Dataset excerpt –
◇ ◇ ◇ ◇
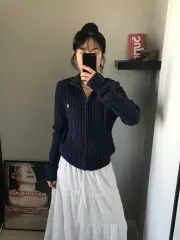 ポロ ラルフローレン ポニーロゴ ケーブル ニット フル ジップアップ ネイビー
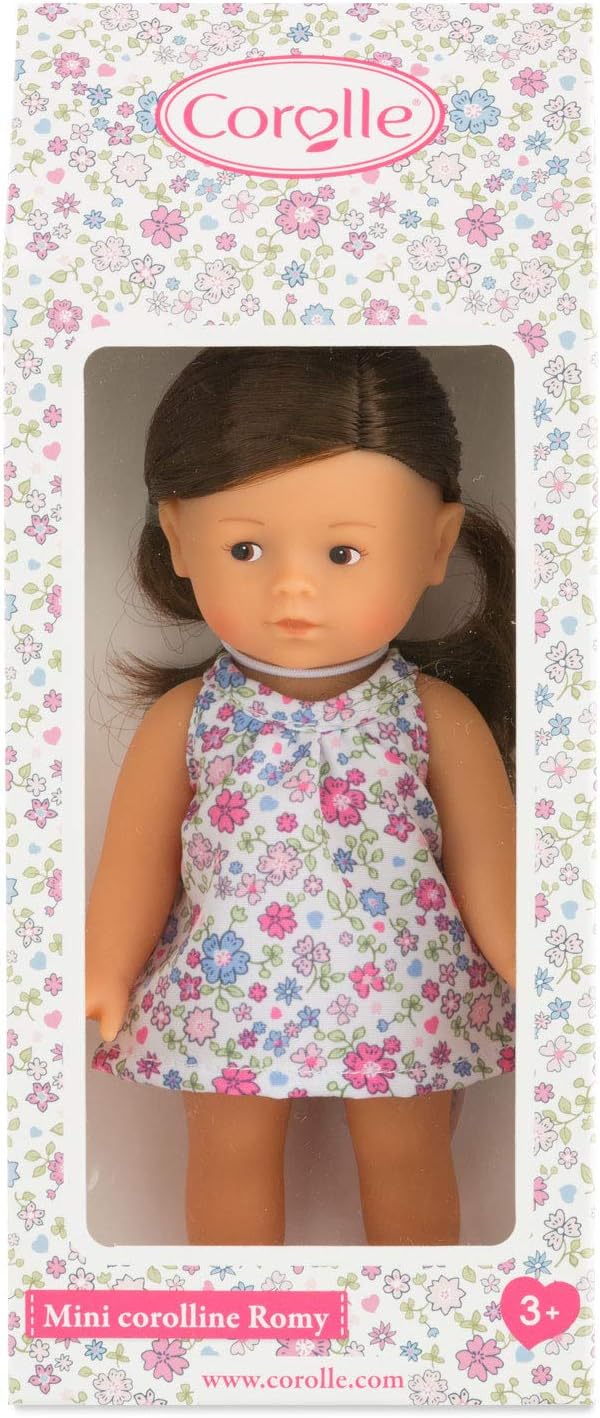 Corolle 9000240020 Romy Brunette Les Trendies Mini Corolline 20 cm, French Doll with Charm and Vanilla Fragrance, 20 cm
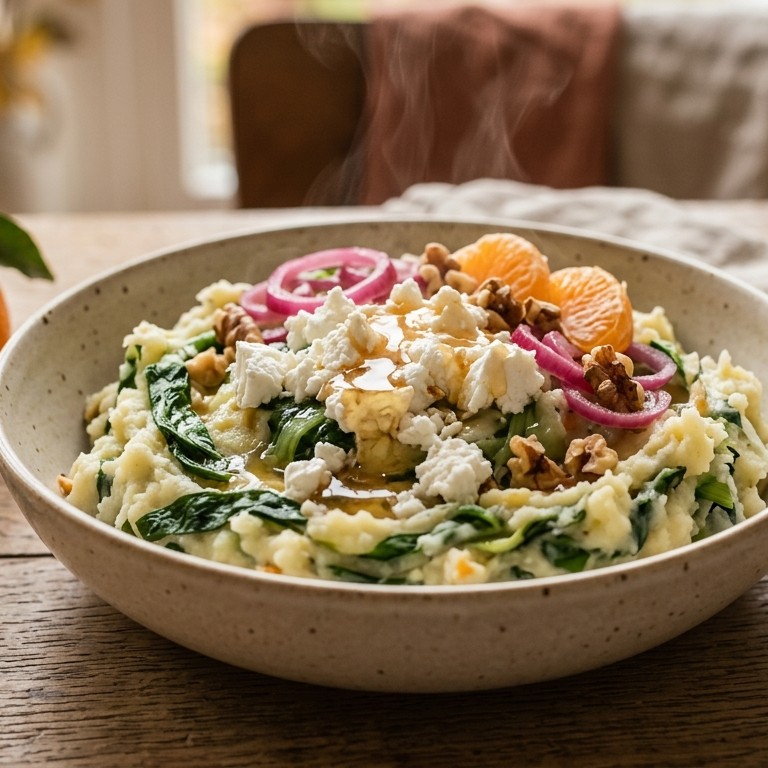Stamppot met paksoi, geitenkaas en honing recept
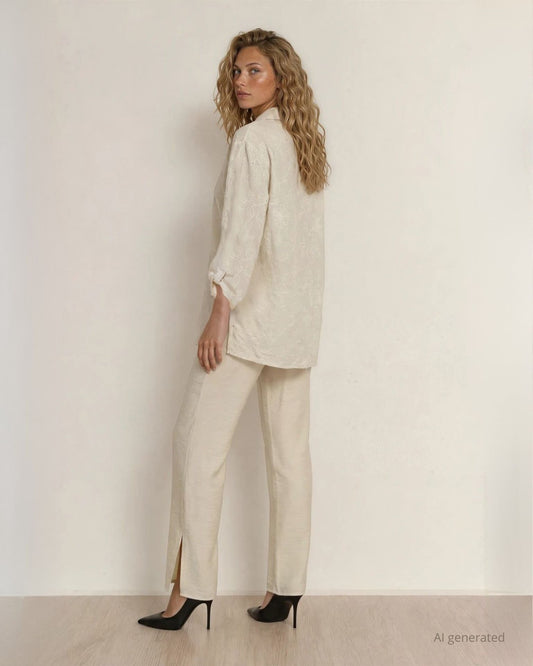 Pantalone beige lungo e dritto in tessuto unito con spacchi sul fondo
◇ ◇ ◇ ◇
Task brief –
Reproduce the material in its entirety and word for word, without the pictures.

Written response –
 ポロ ラルフローレン ポニーロゴ ケーブル ニット フル ジップアップ ネイビー
 Corolle 9000240020 Romy Brunette Les Trendies Mini Corolline 20 cm, French Doll with Charm and Vanilla Fragrance, 20 cm
Stamppot met paksoi, geitenkaas en honing recept
 Pantalone beige lungo e dritto in tessuto unito con spacchi sul fondo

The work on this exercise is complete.